On each Sunday, the party has a theme for which everyone dresses up and joins an improvised little parade as an excellent excuse to dance, sing and drink around the city’s historical centre. According to the event organisers, the 2011 group already numbers more than 5,000 people. Most of them are students, but families, lawyers, journalists and all kinds of people participate – even little kids!
Getting into the Groove
In 2008, I moved to Curitiba from São José do Rio Preto, a rural part of São Paulo State. Since I love to party and experience new things, I had to check out the Pré-Carnaval. I loved it so much that I started going every year. I have only missed one Sunday so far because of rain, but the party still happened regardless. I really enjoy it and think it is an awesome local Curitiba event that everyone in the city should support through participation.

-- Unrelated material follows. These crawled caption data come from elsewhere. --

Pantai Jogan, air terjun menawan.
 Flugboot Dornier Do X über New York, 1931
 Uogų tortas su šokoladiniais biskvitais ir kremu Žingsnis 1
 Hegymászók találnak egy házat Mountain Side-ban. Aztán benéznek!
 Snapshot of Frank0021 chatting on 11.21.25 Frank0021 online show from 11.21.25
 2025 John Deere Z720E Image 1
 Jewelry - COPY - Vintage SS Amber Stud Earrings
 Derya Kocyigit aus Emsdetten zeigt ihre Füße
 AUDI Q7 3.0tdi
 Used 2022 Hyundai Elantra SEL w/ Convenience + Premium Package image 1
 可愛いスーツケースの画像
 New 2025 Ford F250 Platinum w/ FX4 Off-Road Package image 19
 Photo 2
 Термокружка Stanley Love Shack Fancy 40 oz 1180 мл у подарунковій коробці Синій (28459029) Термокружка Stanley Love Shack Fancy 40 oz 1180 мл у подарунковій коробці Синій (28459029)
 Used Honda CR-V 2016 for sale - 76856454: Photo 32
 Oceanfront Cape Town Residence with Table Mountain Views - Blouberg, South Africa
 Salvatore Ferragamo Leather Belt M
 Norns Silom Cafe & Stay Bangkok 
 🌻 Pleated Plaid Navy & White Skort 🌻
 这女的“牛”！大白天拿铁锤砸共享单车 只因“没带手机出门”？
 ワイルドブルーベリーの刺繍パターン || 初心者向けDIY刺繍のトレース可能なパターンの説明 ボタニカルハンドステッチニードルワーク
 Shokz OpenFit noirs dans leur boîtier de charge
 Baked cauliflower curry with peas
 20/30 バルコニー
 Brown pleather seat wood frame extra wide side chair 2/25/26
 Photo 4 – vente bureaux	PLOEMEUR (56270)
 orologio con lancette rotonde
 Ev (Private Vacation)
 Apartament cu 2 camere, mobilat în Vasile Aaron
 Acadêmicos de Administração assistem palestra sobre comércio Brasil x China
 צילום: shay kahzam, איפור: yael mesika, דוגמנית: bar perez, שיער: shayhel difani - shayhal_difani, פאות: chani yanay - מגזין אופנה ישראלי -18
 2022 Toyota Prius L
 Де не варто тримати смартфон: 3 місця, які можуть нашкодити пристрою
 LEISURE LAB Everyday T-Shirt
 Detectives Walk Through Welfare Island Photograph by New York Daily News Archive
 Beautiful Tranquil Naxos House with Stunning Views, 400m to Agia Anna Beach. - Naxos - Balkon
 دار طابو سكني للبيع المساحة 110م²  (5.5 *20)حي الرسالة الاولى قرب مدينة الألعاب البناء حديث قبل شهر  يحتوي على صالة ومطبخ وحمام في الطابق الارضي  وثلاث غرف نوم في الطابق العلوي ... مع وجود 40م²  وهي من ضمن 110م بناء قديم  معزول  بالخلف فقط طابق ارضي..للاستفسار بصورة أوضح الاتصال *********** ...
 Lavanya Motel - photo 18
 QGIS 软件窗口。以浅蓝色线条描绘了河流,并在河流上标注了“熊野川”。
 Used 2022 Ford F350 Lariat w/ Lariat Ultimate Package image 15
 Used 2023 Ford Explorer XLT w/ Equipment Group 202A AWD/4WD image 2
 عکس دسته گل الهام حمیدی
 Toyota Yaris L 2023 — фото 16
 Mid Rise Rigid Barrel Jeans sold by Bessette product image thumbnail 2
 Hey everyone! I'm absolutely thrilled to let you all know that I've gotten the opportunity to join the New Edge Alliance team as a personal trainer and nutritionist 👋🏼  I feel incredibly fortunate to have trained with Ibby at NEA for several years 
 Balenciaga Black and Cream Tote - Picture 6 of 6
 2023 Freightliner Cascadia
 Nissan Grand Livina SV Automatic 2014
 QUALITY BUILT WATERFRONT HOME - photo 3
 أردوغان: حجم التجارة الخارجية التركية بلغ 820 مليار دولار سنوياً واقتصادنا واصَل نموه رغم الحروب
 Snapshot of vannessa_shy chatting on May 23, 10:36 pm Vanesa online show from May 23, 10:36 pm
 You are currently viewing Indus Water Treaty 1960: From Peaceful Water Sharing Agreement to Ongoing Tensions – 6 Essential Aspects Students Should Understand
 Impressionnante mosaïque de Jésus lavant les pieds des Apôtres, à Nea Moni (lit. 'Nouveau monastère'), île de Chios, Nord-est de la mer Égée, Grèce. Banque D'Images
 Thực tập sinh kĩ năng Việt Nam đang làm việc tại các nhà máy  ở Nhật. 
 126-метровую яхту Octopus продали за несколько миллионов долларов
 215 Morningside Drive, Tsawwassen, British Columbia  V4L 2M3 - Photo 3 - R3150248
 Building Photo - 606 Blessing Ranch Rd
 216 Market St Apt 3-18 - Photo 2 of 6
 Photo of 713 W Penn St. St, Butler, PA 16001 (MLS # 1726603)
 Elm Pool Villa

It was amazing to see the crowd dancing, singing, laughing and chatting, all with big grins on their faces. But what most amazed me most was the atmosphere of familiarity and joy. Every time I go I see lots of friends and also meet many new people. In 2010, I went with a friend from Recife and he said that it felt like he was in Olinda, a famous historic town in the northeast that holds one of the most famous Carnival celebrations in Brazil! He was really surprised by Curibita’s party and we had a great time.
Another curiosity about Carnival in Curitiba is that on the date of the official holiday, the city holds a psychobilly and rockabilly festival called Psycho Carnival, instead of the popular samba music and dance traditional in other cities. Now in its 12th year, the event attracts music artists and festival-goers from all over the world. In fact, ten out of the 30 bands scheduled to play in 2011 are from countries like the United States, England, Australia, Germany, Ecuador and Argentina.
I haven’t been to the Psycho Carnival yet because it is not my style. Nor have I been to see the famous celebrations in Rio and São Paulo yet, but I would love eventually to experience all kinds of Carnivals. Every year I like to go to somewhere new: 2008 in my hometown with my family, 2009 in Ouro Preto, the historic town where college students organise an awesome party on the campus and in the streets.
In 2010 I went to Bloco Oba in Votuporanga, a small city close to my hometown, and it was the best Carnival ever. each day the party itself takes place in two parts – first from 2pm to 10pm and then again from 1am to 7am. Famous Brazilian bands get around 20,000 people pumped and partying the whole day, five days in a row. Crazy huh? I had a blast and this year I plan to spend my Carnival there again!
If you enjoy partying and Carnival, there is no better country to visit than Brazil! Every good traveller needs to experience it at least once in a lifetime.